As many as there are nonempty subsets of $A$ (the other class is the complement of the subset).

Yankel said:
4) How many different equivalence relations are there on A, with three equivalence classes?
The number 5 can be represented as a sum of three nonincreasing numbers (integer partitions of size 3) as follows.
\begin{align}
5&=3+1+1\\
5&=2+2+1
\end{align}
The first way corresponds to $\binom{5}{3}$ equivalence relations and the second one corresponds to $\binom{5}{2}\binom{3}{2}/2$ (please check).

Yankel said:
2) How many different equivalence relations are there on A, with no three equivalence classes (other number rather than 3)?
This can be done similarly by considering all integer partitions of 5. You can verify your answer because the total number of equivalence relations on a set with $n$ elements is given by the Bell numbers.

Yankel said:
3) How many different equivalence relations are there on A, which includes the pair (1,3) ?
So 1 and 3 must be in the same equivalence class. It may contain other elements; the total number of variants for this class is 8. If the class is just $\{1,3\}$, then we have to break $\{2,4,5\}$ into 1, 2 or 3 classes. If the class containing 1 and 3 has one extra element, then we have to break the two remaining elements into 1 or 2 classes: this makes 2 variants, and so on.
 
I am slightly confused. I'll try to clear things.

I figured out that the number of ways to construct 2 equivalence classes is 15. Two equivalence classes will happen when one has one element and the other 4, or 2 and 3, for example: {1} and {2,3,4,5} or {1,2} and {3,4,5}. 5C2 + 5C1 gives 10+5=15.

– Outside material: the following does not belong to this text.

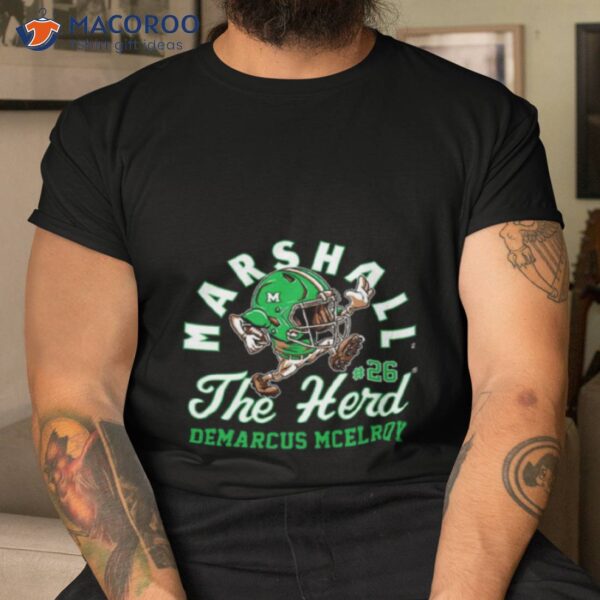 Marshall Thundering Herd Ncaa Football Demarcus Mcelroy Shirt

Now I am trying to do the same thing for 3 equivalence classes. This can happen either when I have, for example, {1}, {2} , {3,4,5}, or, {1,2}, {3,4}, {5}. I have tried figuring out how to calculate the number of possibilities for this happening. The final answer should be 15, I can't get it. There are 10 different triplets for the first case, and there are 6 doubles out of 4 in the second.

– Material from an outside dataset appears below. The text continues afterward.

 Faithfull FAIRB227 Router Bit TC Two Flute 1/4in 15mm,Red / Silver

What I am saying is that I don't understand the calculation behind:

"The first way corresponds to (5C3) equivalence relations and the second one corresponds to (5C2)(3C2)/2 (please check)."

That you wrote.

One more thing that doesn't end up. In total there are 2^25 different equivalence relations. How come the total number of relations with n classes (n=1,...5) doesn't end up to this number ?
 
Last edited:
Yankel said:
I figured out that the number of ways to construct 2 equivalence classes is 15.
My response from post #2 should be corrected: the number of equivalence relations on $A$ with two classes equals half of the number of nontrivial subsets of $A$. A subset is nontrivial if it is nonempty and does not equal the whole $A$. We take half because pairs of classes $(C,A\setminus C)$ and $(A\setminus C,C)$ produce the same equivalence relation. This gives $(2^5-2)/2=15$, which agrees with your answer.

Yankel said:
What I am saying is that I don't understand the calculation behind:

"The first way corresponds to (5C3) equivalence relations and the second one corresponds to (5C2)(3C2)/2 (please check)."
By the first way I mean splitting $A$ into a subset of 3 elements and two subsets of 1 element. Once we select a three-element subset, the partition is fixed (the other two elements go to two different classes). Therefore, the integer partition $5=3+1+1$ corresponds to (5C3) equivalence relations.

The partition $5=2+2+1$ means that we have to select 2 elements out of 5 and then 2 out of the remaining 3. The remaining 1 element goes into a class by itself. But each such partition can be obtained in two ways: e.g., first choosing {1, 2}, then {3, 4} or by first choosing {3, 4} and then {1, 2}.

Yankel said:
One more thing that doesn't end up. In total there are 2^25 different equivalence relations.
I wrote that the total number of equivalence relations on a set with 5 elements is given by the Bell number $B_5=52$.
 
Thank you very much !

All clear now !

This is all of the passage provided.